Hi @sgugger ,
I want to do a pre-training PEGASUS model from scratch, can you five me some suggestion?
First, can I do this approach (How to train a new language model from scratch using Transformers and Tokenizers) to train this model from scratch?
Secondly, how can I control the <mask_1> tokens to mask sentences (GSG objective)? And how can I specify the strategy of masking sentences like the selected one in PEGASUS paper?
Thank you very much!
2 Likes
Can anyone give me some suggestion?
https://github.com/huggingface/transformers/tree/master/examples/language-modeling
I think you can start from here to finetune pegausus on the language you want, you should choose causal language modeling for pegasus if i’m not mistaken
I don’t think you.
Beside MLM objective like BERT-based models, PEGASUS has another special training objective called GSG and that make it powerful for abstractive text summarization.

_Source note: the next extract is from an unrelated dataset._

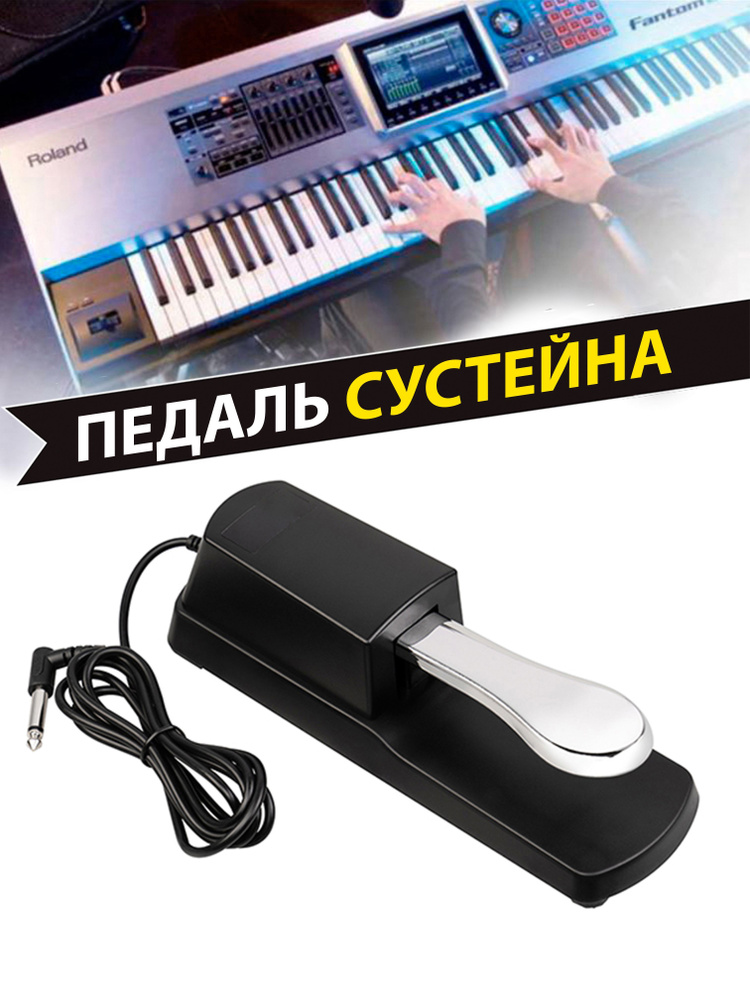 Педаль сустейна для пианино синтезатора - купить с доставкой по ...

I want to archive that powerful model for my language
1 Like
I dont think pre-training Pegasus is supported still.
I would also be interested in this
@patrickvonplaten
In order to implement the PEGASUS pretraining objective ourselves, could we follow the same approach you suggested for mBART ?

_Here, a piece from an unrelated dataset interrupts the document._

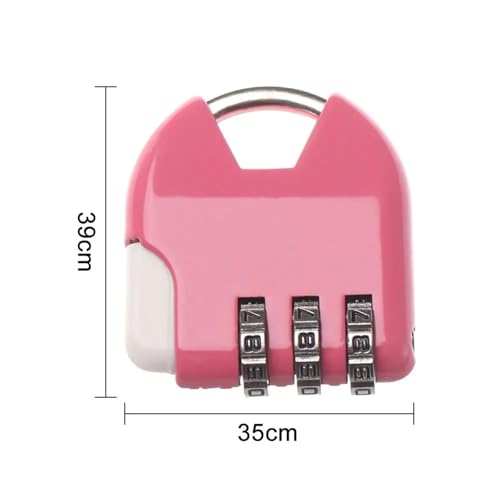 Cadenas à code 3 chiffres pour valise et casier - Mini verrou de sécurité argenté - 6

This means by adapting to the objective presented in the paper it would become:
from transformers import PegasusTokenizer, PegasusForConditionalGeneration, PegasusConfig
tok = PegasusTokenizer.from_pretrained("google/pegasus")

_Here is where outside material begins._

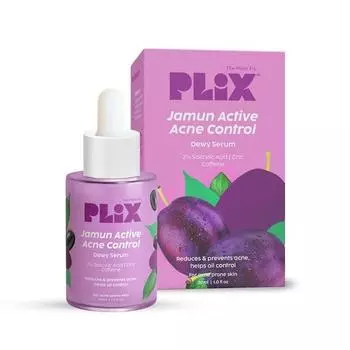 PLIX - THE PLANT FIX 2% салициловая кислота Jamun Active Acne Control Dewy Serum 30 мл для активного уменьшения акне и темных пятен с кофеином (Пакет из 1)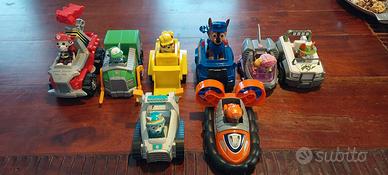 paw patrol personaggi con veicoli originali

model = PegasusForConditionalGeneration(PegasusConfig())
input_string = ["Pegasus is <mask_2> . <mask_1> it <mask_2> the model ."
decoder_input_string = "<s> It is pure white ."
labels_string = "It is pure white . <eos>"
input_ids = tok(input_string, add_special_tokens=False, return_tensors="pt").input_ids
decoder_input_ids =tok(decoder_input_string, add_special_tokens=False, return_tensors="pt").input_ids
labels = tok(labels_string, add_special_tokens=False, return_tensors="pt").input_ids
loss = model(input_ids=input_ids, decoder_input_ids=decoder_input_ids, labels=labels)[0]
Naturally, to automate it for pretraining one should implement the mask selection procedure of the dataset (top ROUGE sentences).
Then, the loss we compute would be put in the method _step.
Is this reasonable or I’m missing something ?